On 10.02.21 11:55, Marek Kozlowski wrote:
I know that clamav and spamassassin are out of scope of this list. But
my question is more postfix-related. Most systems and Linux distros
have tutorials on postfix, spamassassin and clamav. In most of I've
read the recommended way of connecting clamav is via smtpd_milters in
main.cf. But spamassassin in those tutorial is not connected that way
but a master.cf entry is defined and a "-o content_filter=that_entry"
for smtp service is added. If so many people do that there must be
some reason for it.
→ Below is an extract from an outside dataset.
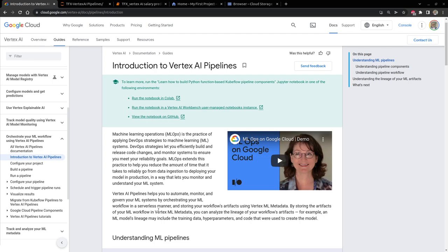Vertex AI Pipelines runs Kubeflow under the hood, but the difference is you don't have to manage any infrastructure. With Kubeflow you need to set up infrastructure, and it becomes particularly difficult when you need to attach a GPU — you have to make sure the Docker images you're using already have the libraries to run your GPU. You waste a lot of time just setting up infrastructure. With Vertex AI, GCP takes care of that — you only specify what type of machine you want and it will be provisioned for you.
I'm wondering: what is the reason? what's the
difference?
the difference between content_filter and milter is that milter runs during
SMTP session, while content_filter after mail is received.
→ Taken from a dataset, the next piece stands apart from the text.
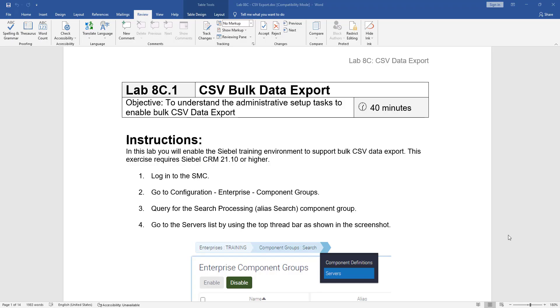Hello and welcome to the first exercise in the CSV data export chapter of the Siebel 22 workshop. In this first part of the exercise we are going to understand the administrative setup tasks to enable the bulk CSV data export. Keep in mind that CSV data export is a relatively new feature so your training environment should be on Siebel 21.10 or higher.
Thus, you can reject mail with milter, so the sender has to handle it, while
rejecting in content_filter means you have to handle it.
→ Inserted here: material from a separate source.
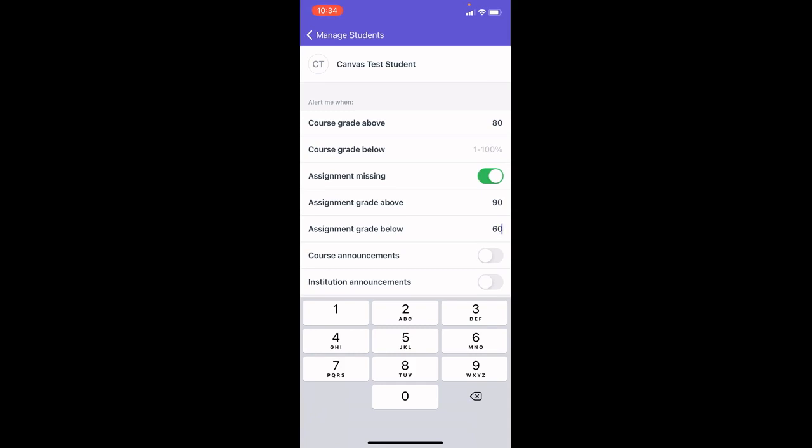You can also choose to be notified or not notified of course announcements or notified or not notified of school announcements. Thanks!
The difference between main.cf and master.cf is that main.cf applies for
all (unless overridden), while master.cf overrides
I guess clamav scanning is faster than spamassassin scanning, so admins may
consider it more safe.
I remember that when filtering mail with milter at SMTP level, customers
complained about long time needed to send the mail.
Thus, I switched to content_filter when receiving mail from end-users
- usually services submission/587 submissions(smtps)/465,
while using milter when receiving mail from the world (port 25).
Few places where users send mail on port 25 but run server behing NAT, I ask
to NAT 25 from the world to other port where I run postscreen and milters.
Note that I usually run amavis which calls both spamassassin and clamav.
Either as content_filter, or via amavisd-milter.